Habiéndose estimado el recurso procede declarar de oficio las costas ( art. 901 de la LECrim ).

III.

FALLO

Que debemos declarar y declaramos HABER LUGAR al recurso de casación por infracción de Ley interpuesto por Carlos Daniel, contra Sentencia dictada por la Sección Segunda de la Audiencia Provincial de Barcelona, que le condenó por un delito contra la salud pública, estimando el único motivo de su recurso, y en su virtud casamos y anulamos la Sentencia dictada por dicha Audiencia con declaración de las costas de este recurso de oficio.

Comuníquese esta resolución al Tribunal Sentenciador a los efectos procesales oportunos, con devolución de la causa que en su día remitió, interesándole acuse de recibo.

Así por esta nuestra sentencia, que se publicará en la Colección Legislativa lo pronunciamos, mandamos y firmamos. Andres Martinez Arrieta Perfecto Andres Ibañez Jose Manuel Maza Martin Luciano Varela Castro Antonio del Moral Garcia

SEGUNDA SENTENCIA

En la Villa de Madrid, a veintinueve de Junio de dos mil doce.

En la causa que en su día fue tramitada por el Juzgado de Instrucción número nueve de los de Barcelona, fallada posteriormente por la Sección Segunda de la Audiencia Provincial de Barcelona, y que fue seguida por un delito contra la salud pública, contra Carlos Daniel, con NIE NUM000, nacido el NUM001 de 1973, hijo de Mohamed y de Momotaz, natural de Mondibagoldin (Pakistán) y vecino de Barcelona, sin antecedentes penales valorables, de solvencia no determinada y en libertad por esta causa; la Sala Segunda del Tribunal Supremo, integrada por los Excmos. Sres. expresados al margen y bajo la Ponencia del Excmo. Sr. D. Antonio del Moral Garcia, se hace constar lo siguiente:

ANTECEDENTES

ÚNICO .- Se aceptan los Antecedentes de Hecho y los Hechos Probados de la Sentencia de instancia.

FUNDAMENTOS DE DERECHO

ÚNICO. - A la vista de la reducida cantidad de droga ocupada, tratándose de venta al menudeo que

no consta que sea habitual y no constando razones subjetivas suficientes para excluir la aplicación del art. 368.2 conforme se ha razonado en la anterior sentencia, procede la incardinación de los hechos en tal subtipo imponiéndose la pena en su mínimo legal. No existiendo pronunciamiento sobre responsabilidad personal subsidiaria en la sentencia de instancia no puede subsanarse tal omisión en casación.

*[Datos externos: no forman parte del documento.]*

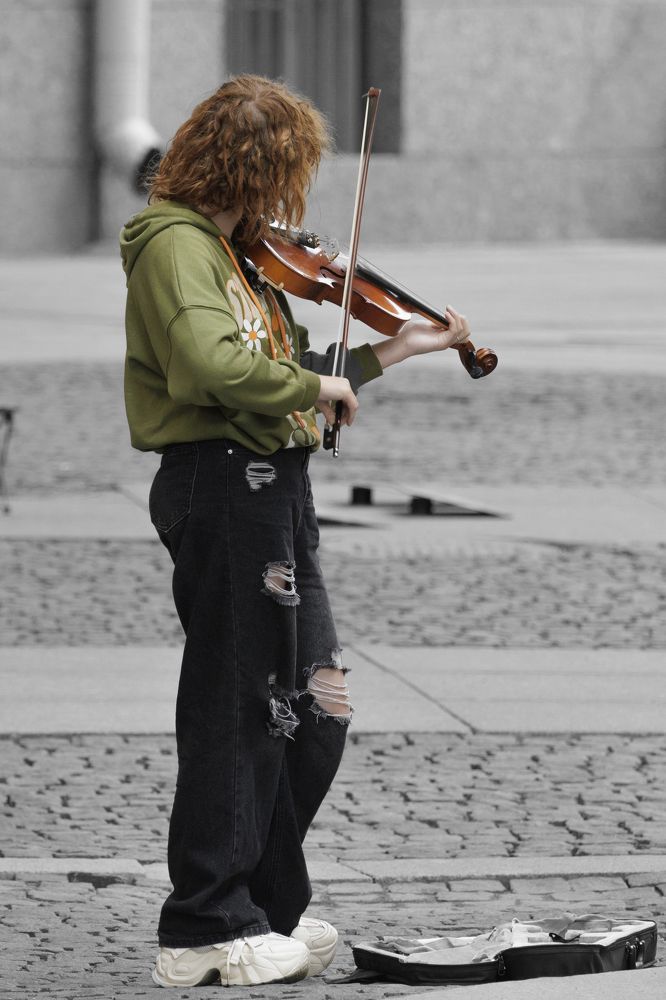 Скрипачка в арке Генштаба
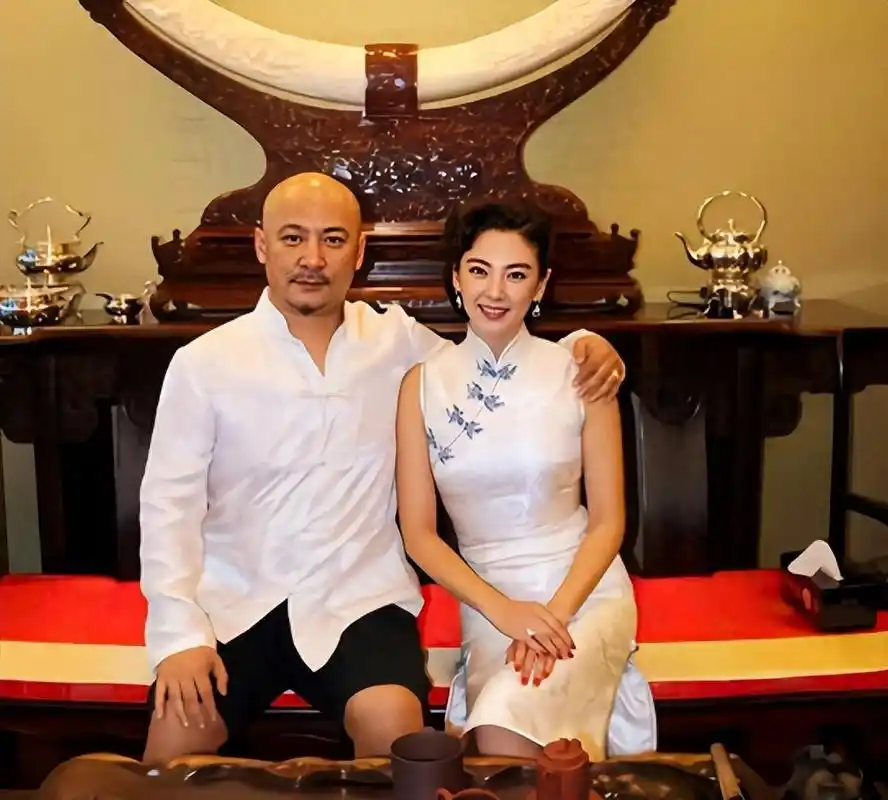 黄渤曾被她吻到羞涩,与导演同居12年遭抛弃,今47岁坐拥40亿资产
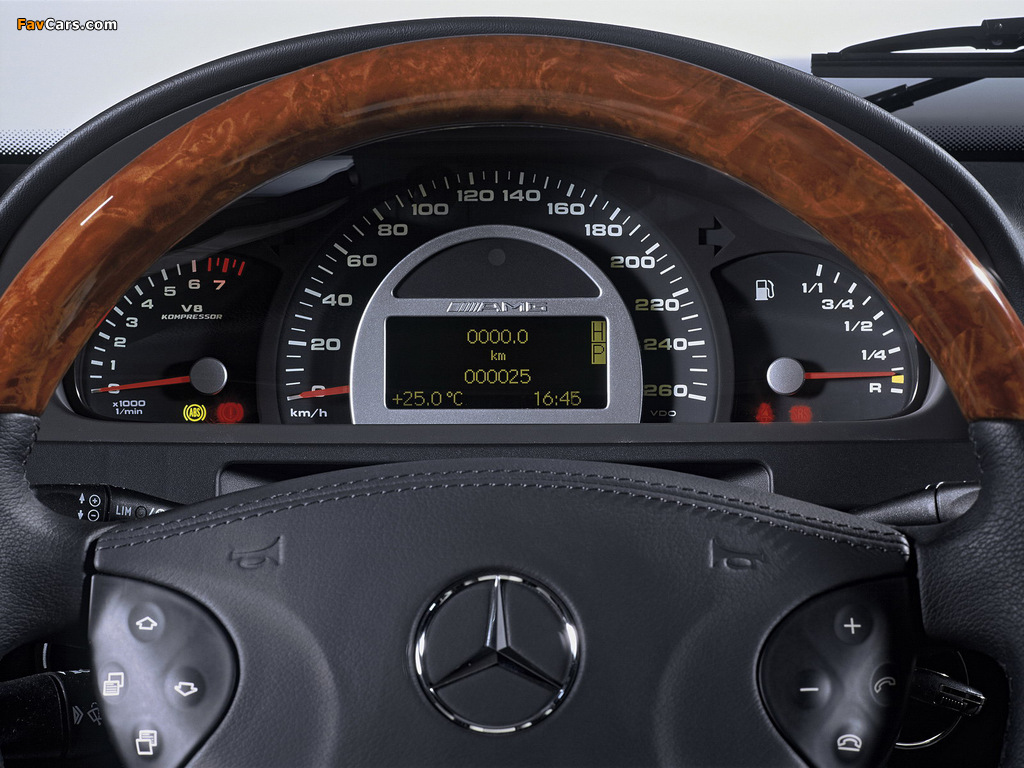 Mercedes-Benz G 55 Kompressor AMG (W463) 2004–06 wallpapers (1024 x 768)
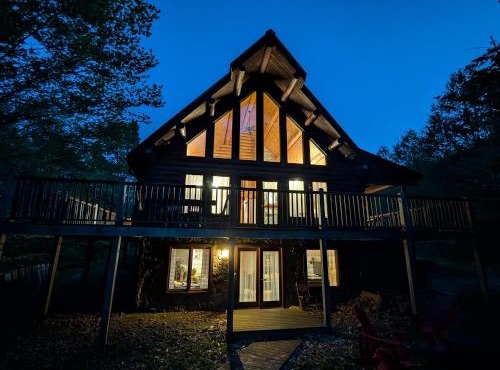 Log Cabin Hot tub near Tremblant in Labelle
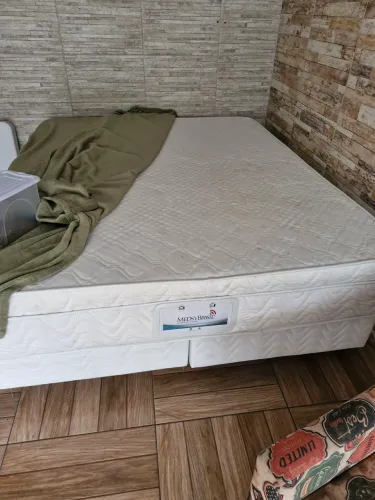 Cama queem magnética com massagem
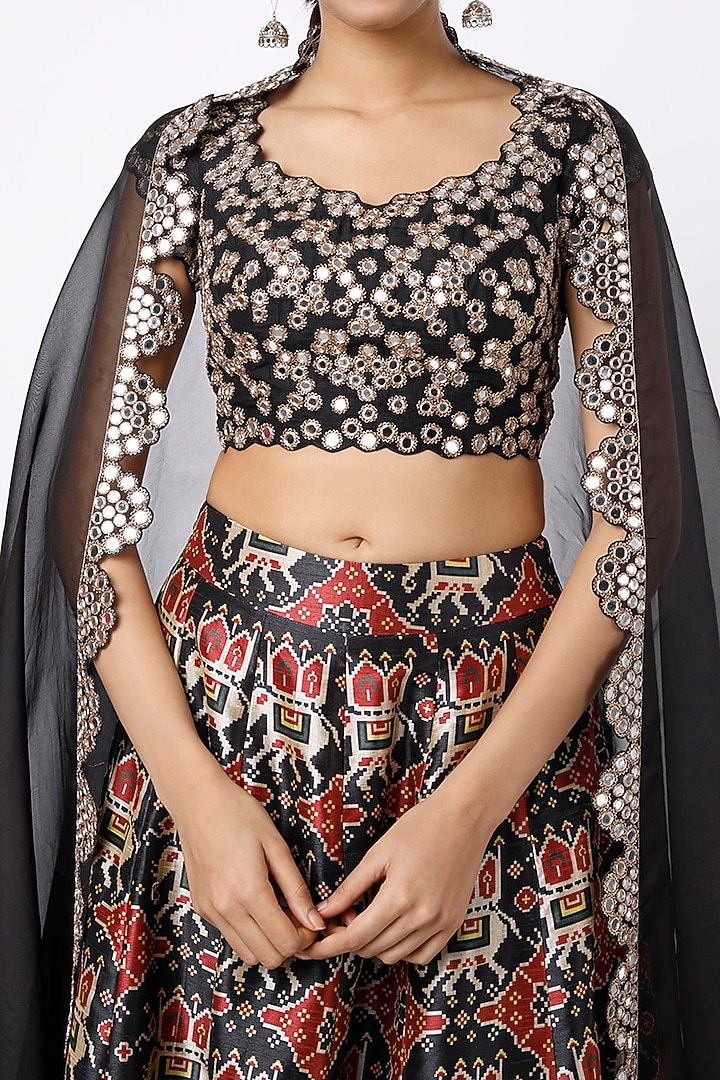 Black Printed Wedding Lehenga Set by Shilpa Poddar at Pernia's Pop Up Shop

  1. FALLO Que debemos condenar y condenamos a Carlos Daniel como autor responsable de un delito contra la salud pública del art. 368.1 º y 2º del Código Penal, a la pena de DIECIOCHO MESES DE PRISIÓN y multa de TREINTA EUROS (30 #).

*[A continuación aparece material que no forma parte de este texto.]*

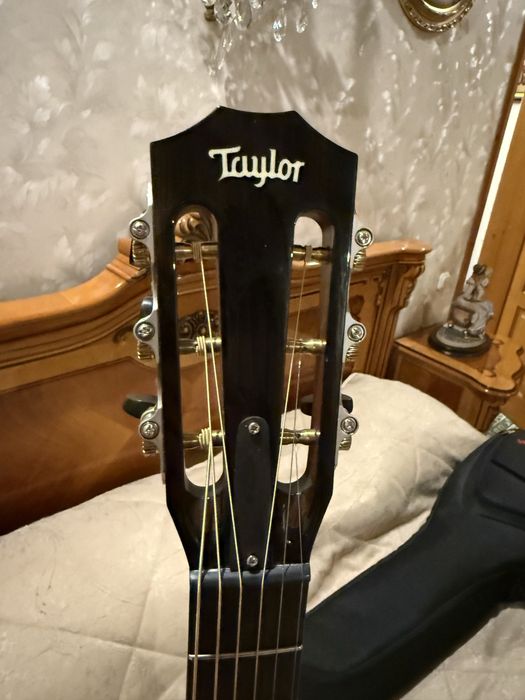 Электроакустическая гитара Taylor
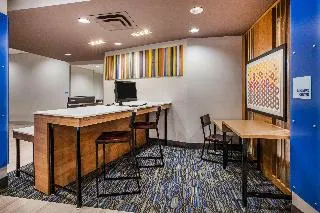Holiday Inn Express Woodstock Ga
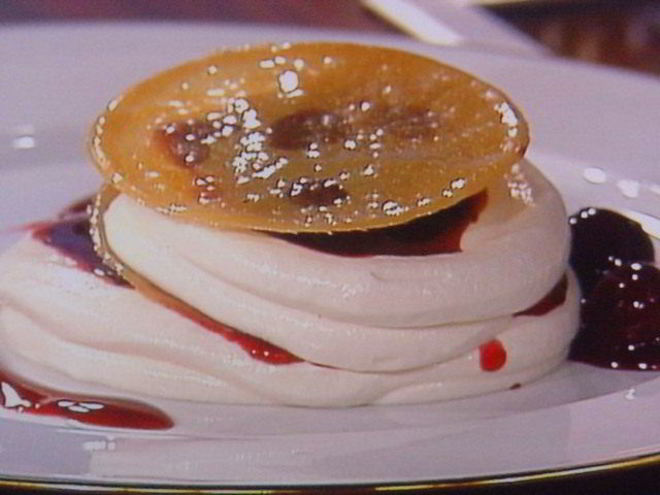 Рецепт вишневого мильфея с творжно-сливочным кремом и карамельным крокантом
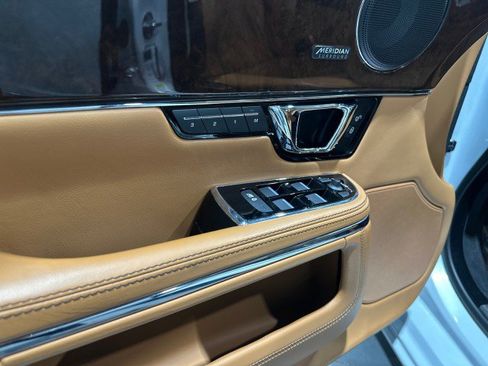 Used 2016 Jaguar XJ L Portfolio AWD/4WD image 42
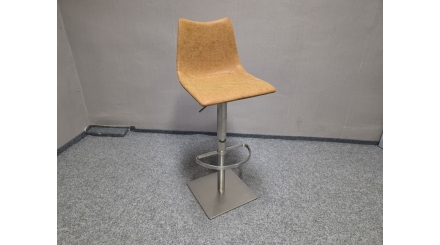 Nová barová židle cihlová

Se mantienen el resto de los pronunciamientos de la sentencia de instancia y en particular lo relativo a la sustitución de la pena privativa de libertad por la expulsión y el tiempo de prohibición de entrada en el territorio nacional.

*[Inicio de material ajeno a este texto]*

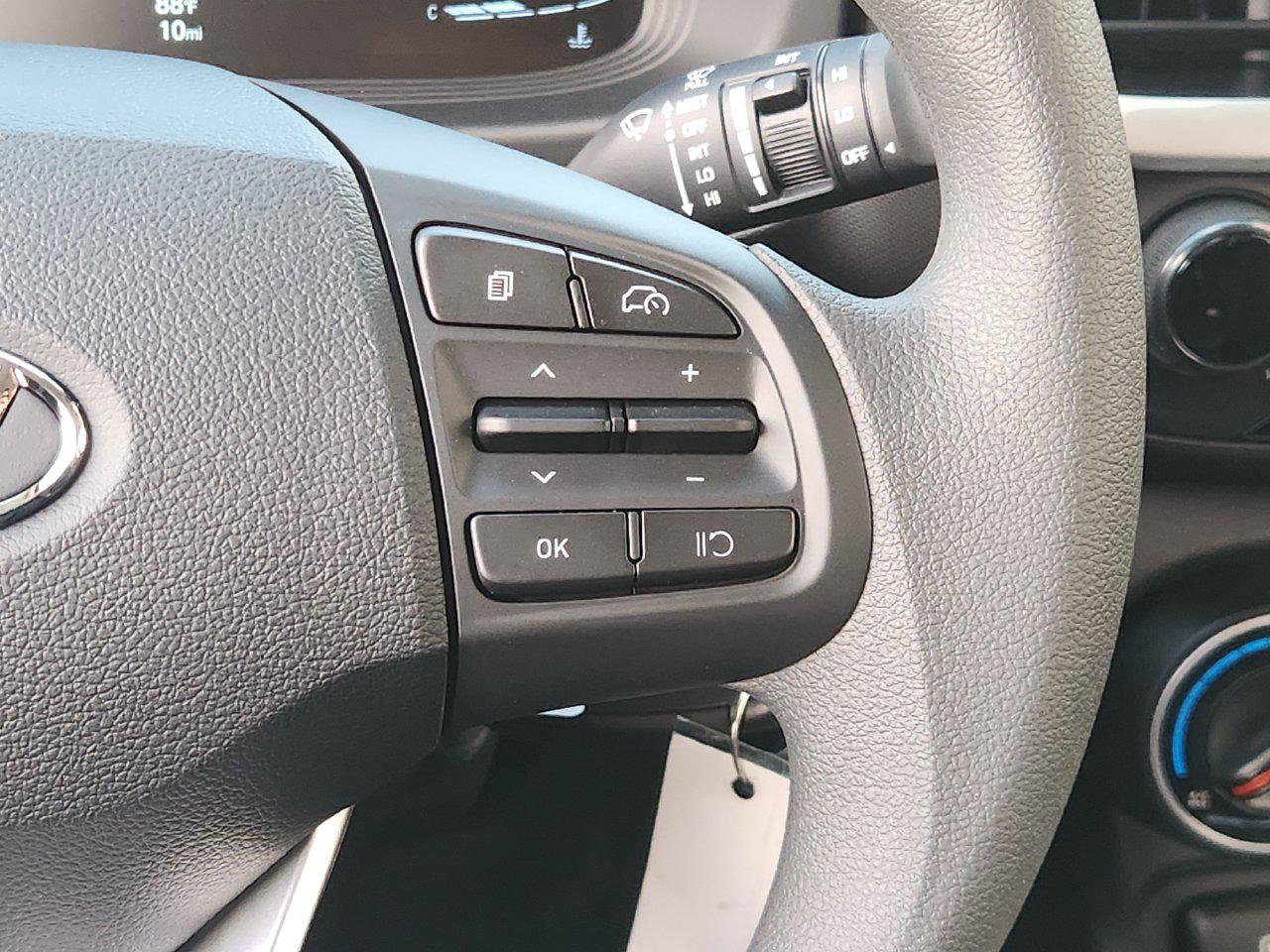New 2026 Hyundai Venue SE FWD image 25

Así por esta nuestra sentencia, que se publicará en la Colección Legislativa lo pronunciamos, mandamos y firmamos . Andres Martinez Arrieta Perfecto Andres Ibañez Jose Manuel Maza Martin Luciano Varela Castro Antonio del Moral Garcia

PUBLICACIÓN .- Leidas y publicadas han sido las anteriores sentencias por el Magistrado Ponente Excmo. Sr. D. Antonio del Moral Garcia, mientras se celebraba audiencia pública en el día de su fecha la Sala Segunda del Tribunal Supremo, de lo que como Secretario certifico.